YOUR ASSIGNMENT: In the entries that follow, the line with "New 2026 Oxford White Ford XLT image 15" opens the range and the line with "NWT LULULEMON REVEAL TIGHT" closes it; repeat that range exactly, both lines included.

GIVEN RECORDS:
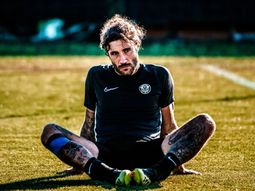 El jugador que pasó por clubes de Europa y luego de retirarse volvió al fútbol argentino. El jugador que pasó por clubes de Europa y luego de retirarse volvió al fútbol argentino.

--

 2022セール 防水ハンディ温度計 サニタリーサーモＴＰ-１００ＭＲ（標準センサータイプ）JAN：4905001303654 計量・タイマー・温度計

==

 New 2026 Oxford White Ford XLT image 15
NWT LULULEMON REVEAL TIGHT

PROBLEM SOLUTION:
 New 2026 Oxford White Ford XLT image 15
NWT LULULEMON REVEAL TIGHT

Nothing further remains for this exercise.